Our guest today is Michael Taylor.
Mike is the co-founder of Vexpower, a platform that hosts simulator-based courses for data-driven marketers who want to be more technical. Prior to this, Mike also co-founded and led the team at Ladder.io.
This episode has 2 parts, this audio interview, which is followed by a video walkthrough on Youtube. The audio interview you’re listening to provides background and context, and in the video Mike takes you through a screen-share of LightweightMMM, how it’s configured, and shows how to use and run it.
You can check out the video here: https://youtu.be/oRYN0V6sPlM
I’m excited to present this very inspiring and fascinating episode today.
**
Notes:
Mobile Growth Lab
In a few days, we will open the doors to the third edition of our workshop series The Mobile Growth Lab, which will help you break the shackles of ATT’s measurement and performance losses and win in a post-IDFA world.Sign up for the waitlist here: https://mobilegrowthlab.com/
We have a growing community of mobile marketers!
The Mobile Growth Lab Slack: A community that was a part of our workshop series – The Mobile Growth Lab, is now open to the general public. Join over 200 mobile marketers to discuss challenges and share your expertise. More details are available here: https://mobileuseracquisitionshow.com/slack/
If you’re ready to join the growing community, fill this form: https://forms.gle/cRCYM4gT1tdXgg6u5
ABOUT MICHAEL: LinkedIn | Google’s LightweightMMM Course | Vexpower
ABOUT ROCKETSHIP HQ: Website | LinkedIn | Twitter | YouTube
KEY HIGHLIGHTS
🌰 How is Facebook’s Robyn different from traditional MMMs
🧃 Why Facebook’s Robyn seems to more acceptable than traditional MMMs
🤿 Robyn’s open source makes it an easier model to learn
🕹 The entry of Google’s LightweightMMM
🛠 Understanding the Bayesian model, and how it’s different.
👾 A Bayesian model is more descriptive when compared to an MMM on Excel
KEY QUOTES
How Facebook got into the MMM business
There’s a lot of room for interpretation with MMM. You can basically hack your way to whatever result that you want. And they’re all hired by traditional brand marketers who are very keen on hearing the message that TV ads are working. They don’t really care that much about digital. So I think that Facebook saw and asked them this specifically. From my take on the market, Facebook saw this and said, “Hey, if we know that Facebook Ads work, and even post iOS 14, we know that they’ll continue to work. How do we get people to understand that? And how do we make sure that we take the bias out of doing the MMM process?”
The difference between an excel model & Robyn
So if you put a variable into an Excel model, or into a normal MMM model, and that model isn’t statistically significant, normally, the analyst would then choose whether to leave it in or remove it or change it in some way.
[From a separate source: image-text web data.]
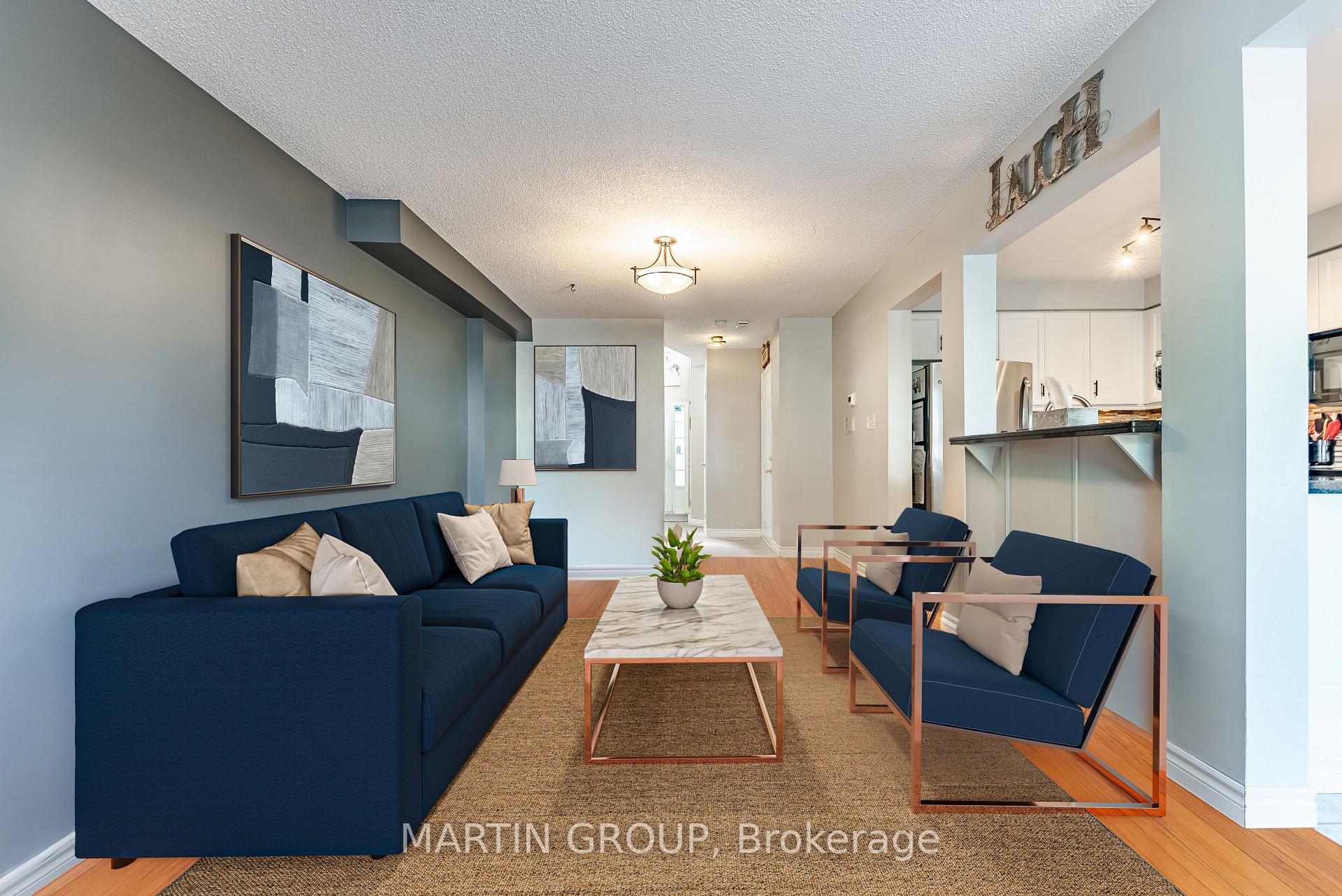 Photo 5 of Unit 35, 104 Frances Avenue, Hamilton, Stoney Creek — HOMEH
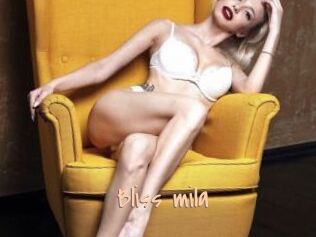 bliss_mila Salopes de 18 ans
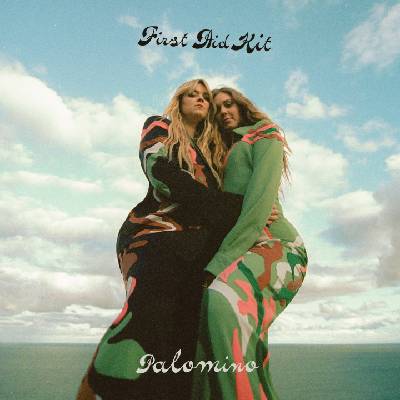 Sony Music First Aid Kit: Palomino - CD (052824)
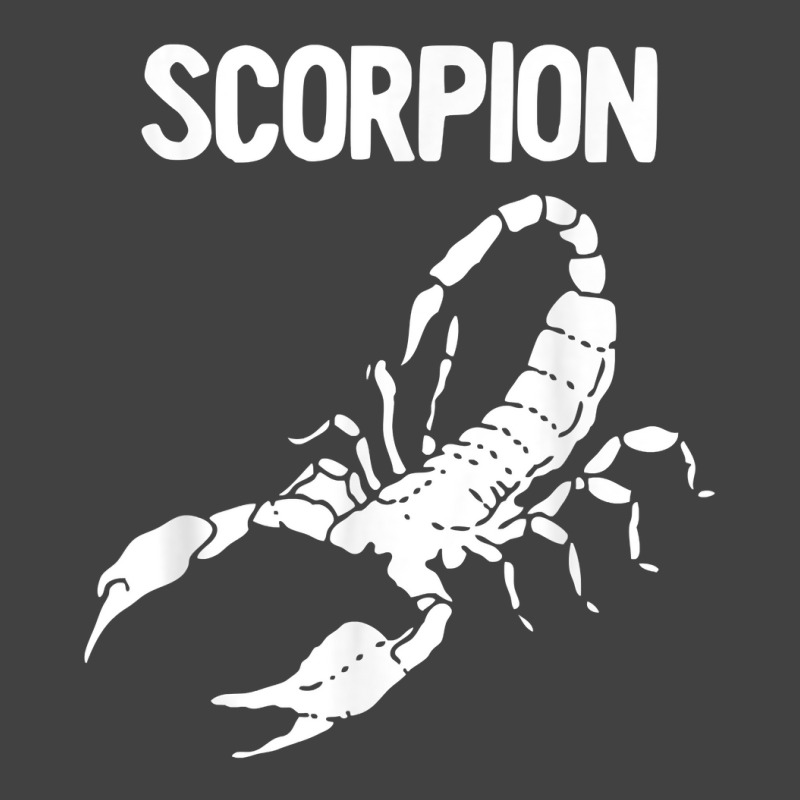 Scorpion Astrology Zodiac Sign T Shirt Vintage T-shirt | Artistshot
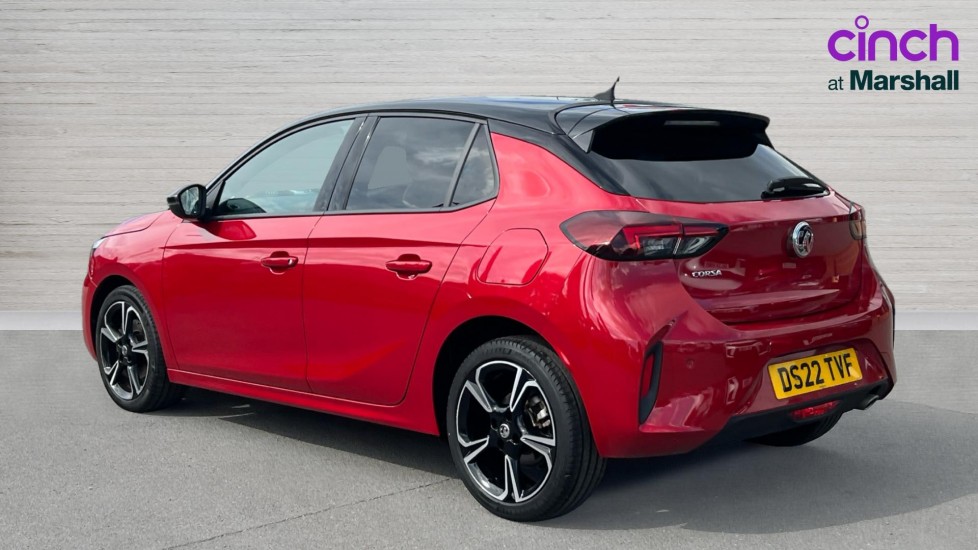Used Vauxhall Corsa 2022 for sale - 76871990: Photo 5
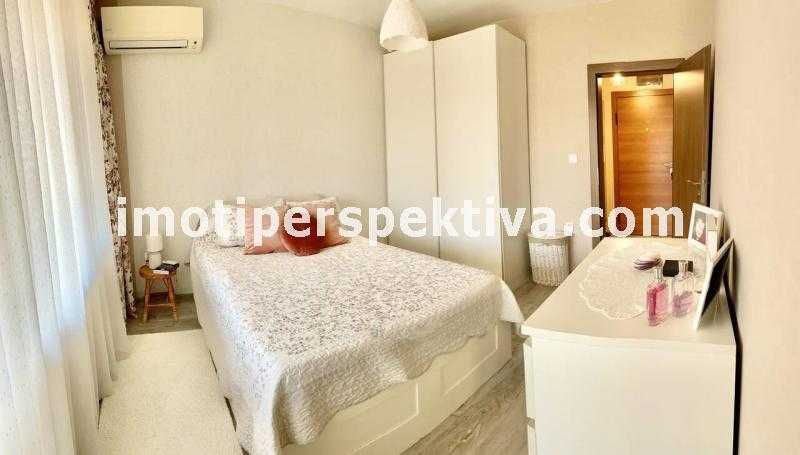 Продава се Многостаен апартамент в Пловдив, Остромила - 135 кв.м за 1875 €/кв.м - Снимка #8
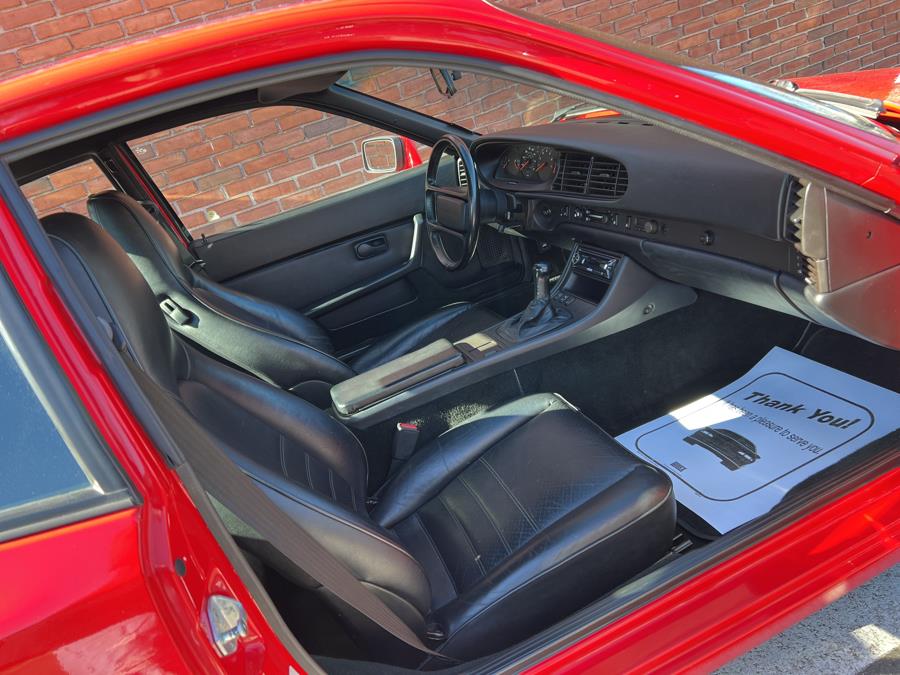 1987 Porsche 944 S, available for sale in Waterbury, Connecticut | National Auto Brokers, Inc.. Waterbury, Connecticut 1987 Porsche 944 S, available for sale in Waterbury, Connecticut | National Auto Brokers, Inc.. Waterbury, Connecticut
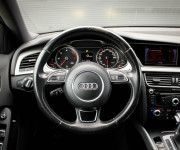 Audi A4 Allroad 2.0 TDI 177k S tronic quattro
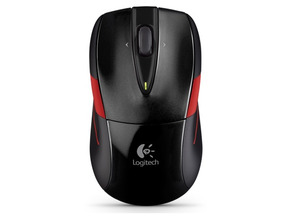 Comprar Logitech M525 Wireless Preto Logitech M525 Wireless Preto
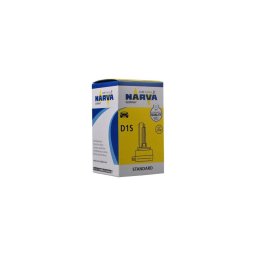 Lâmpada xénon para automóveis D2S P32D-2/35W/85V 4300K - Narva 84002NVAC1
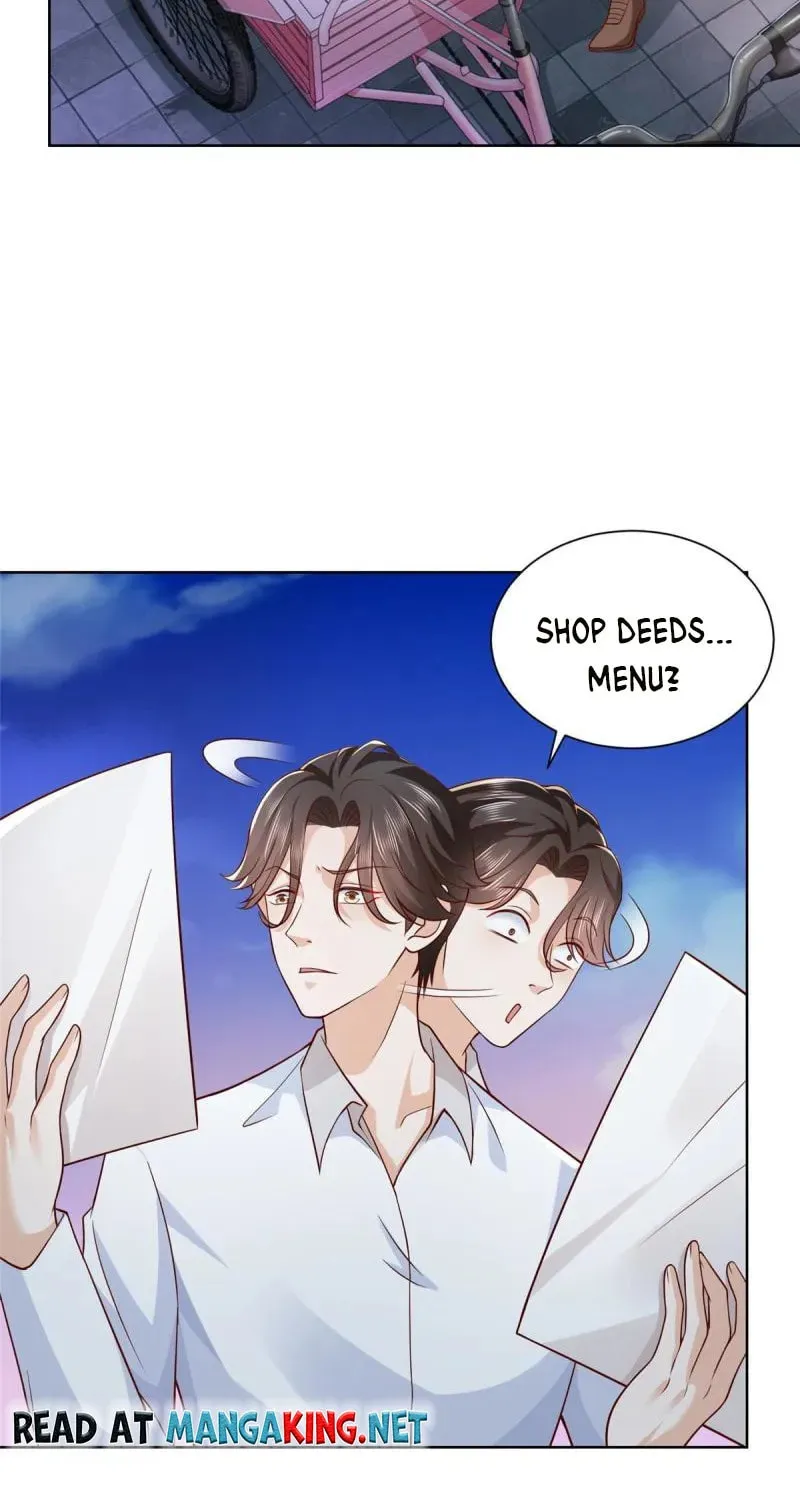 I Randomly Have A New Career Every Week Chapter 218 page 45 - 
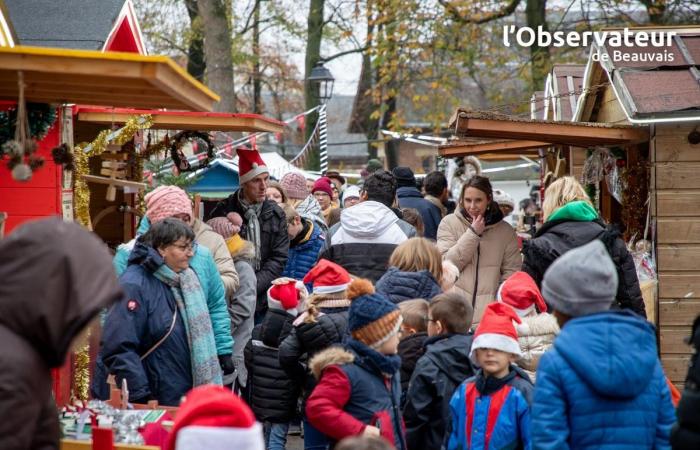 Solidaridad: Vuelve la Villa Navideña Solidaria del 4 al 8 de diciembre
With Robyn, it just automatically shrinks to zero in terms of effect. So if you have a channel that’s not statistically significant, at least if everything’s kind of working, okay, then it will remove it from the model automatically for you.
The difference between a Bayesian model and Robyn
The reason why Facebook with Robyn is building 10,000 models, it’s because it’s trying to sink the ship. So it’s trying to find the right models out of the 1000s and 1000s of models that are wrong. A Bayesian does that in a different way. Actually, the way it does it is, it simulates the physics of a ball rolling down a hill. So imagine you have a chart and you have a correlation. So you have a line chart and two variables are correlated. That’d be like the simplest model, when it finds the edge of the line, it will roll balls down the hill, to find where the line is drawn.
There’s more information available with Bayesian models
If you’ve heard Bayesian, you’ve heard someone talk about priors. A really simple example is whenever I run a marketing mix model in Excel, quite often it will say, Facebook ads drove negative revenue and the coefficient will be negative. And you’re like, that’s not possible, my campaign wasn’t that bad that it decreased sales. So with Bayesian, you can say, I know that this campaign didn’t decrease sales, but I also know that it probably didn’t drive 100% of my sales. So I know that it’s somewhere in between.
FULL TRANSCRIPT BELOWShamanth
I’m very excited to welcome Mike Taylor, the founder of Vexpower to the Mobile User Acquisition Show. Mike, welcome to the show.
Mike Taylor
Nice to be here.
Shamanth
Excited to have you, Mike. For folks listening, this is a slightly different format from our traditional episodes. Mike is going to take us through a walkthrough, which is on YouTube, and we will link to that. This interview is to provide context and background before diving into the YouTube video to understand exactly what we’re talking about.
We’re going to talk about solving iOS measurement challenges. One of the things that’s been top of mind for us, and certainly something we’ve learned from you, Mike, has been MMMs or media mix models.
Let’s start by having you tell us about Facebook’s Robyn, how that works and how it’s different from traditional MMMs.
Mike Taylor
MMMs have been around since the 1960s. It’s not a new technique. And usually they would do this on a computer. Now we could do it on Excel, or a lot of people will use custom R scripts. R is a statistical programming language. So what’s different about what Facebook has done as they entered the market is that they realized, I think that if you just leave it to the analysts, you leave it to the people who are doing MMM, they can be biased.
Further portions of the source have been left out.